Traces of Past Empires

By pastempires

Palace of the Governors, Santa Fe, New Mexico

The Palace of the Governors was built around 1610. It is an adobe structure on the central Plaza in Santa Fe. It served as the seat of government for the state of New Mexico for centuries, and is the oldest continuously occupied public building in the United States.

In 1598, Juan de Oñate was appointed the first governor of the new Province of New Mexico. The same year he founded the San Juan de los Caballeros colony, the first permanent European settlement in the future state of New Mexico, on the Rio Grande near Ohkay Owingeh Pueblo. Oñate extended El Camino Real de Tierra Adentro, "Royal Road of the Interior," by 700 miles from Santa Bárbara, Chihuahua to his remote northern colony of New Mexico.

The settlement of Santa Fe was established at the foot of the Sangre de Cristo Mountains, the southernmost subrange of the Rocky Mountains, around 1608; and in 1610 Pedro de Peralta, the newly appointed governor of the Spanish territory began construction on the Palace of the Governors. The Palace changed hands as the territory of New Mexico did, with the Spanish thrown out in the Pueblo Revolt of 1680, the Spanish reconquest of New Mexico rom 1693 to 1694, Mexican independence from Spain in 1821, and finally US possession in 1848.

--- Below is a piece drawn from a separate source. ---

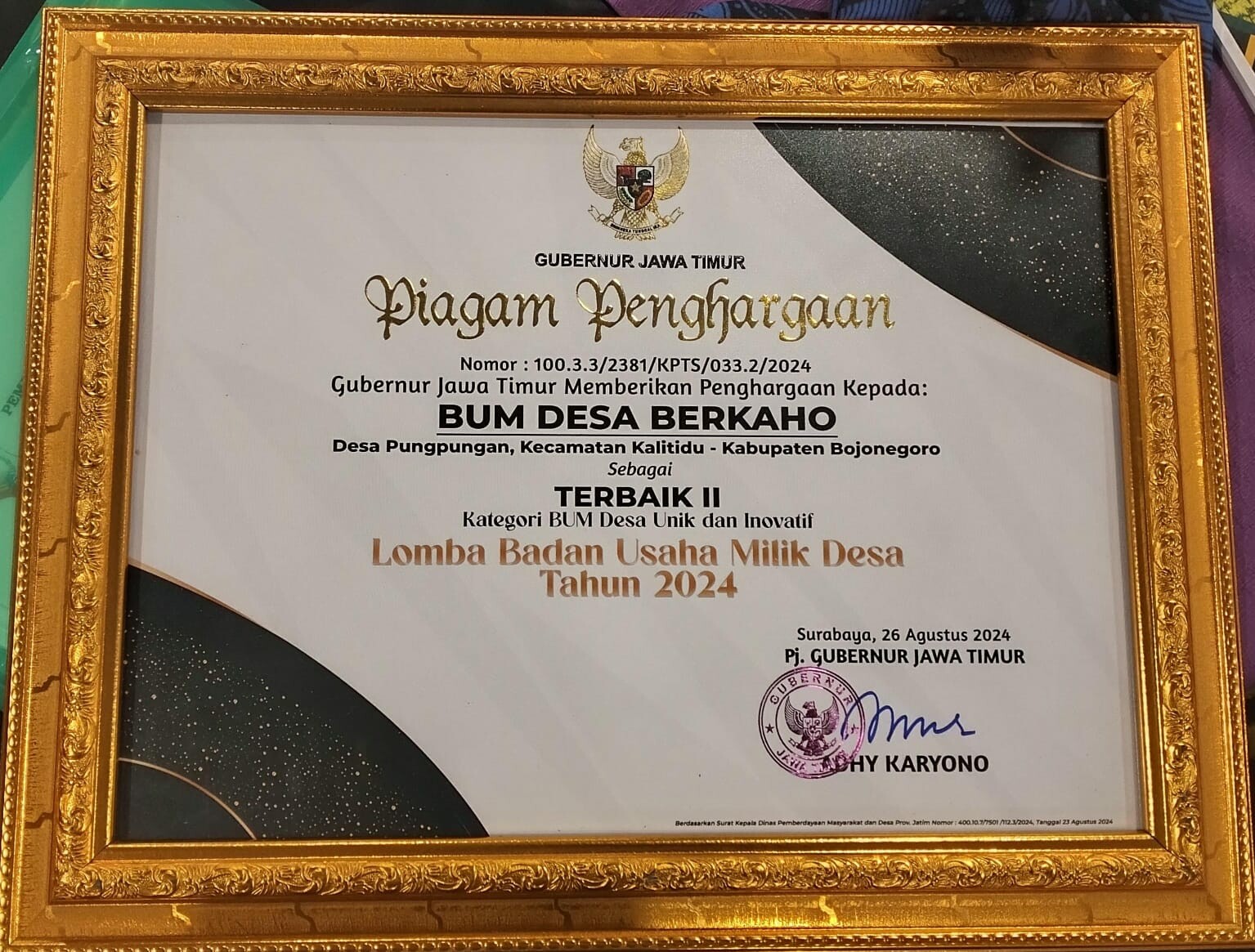 Unik dan Inovatif, BUM Desa Berkaho Pungpungan-Bojonegoro Raih Penghargaan Terbaik II Tingkat Jatim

The Palace served as the seat of government of the enormous Spanish colony of Nuevo Mexico, which at one time comprised the present-day states of Texas, Arizona, Utah, Colorado, Nevada, California, and New Mexico. After the Mexican War of Independence, the Mexican province of Santa Fe de Nuevo México was administered from the Palace of the Governors. When New Mexico was annexed as a U.S. territory, the Palace became New Mexico's first territorial capitol.

Amazingly Lew Wallace wrote the final parts of his book Ben-Hur: A Tale of the Christ in this building while serving as territorial governor in the late 1870s. He remembered later in life that it was at night, during a severe thunderstorm in the spring of 1879, after returning from a tense meeting with Billy the Kid in Lincoln County, when he wrote the climactic Crucifixion scenes of the novel. Wallace worked by the light of a shaded lamp in the shuttered governor's study, fearing a bullet from outside over the tensions surrounding the Lincoln County War.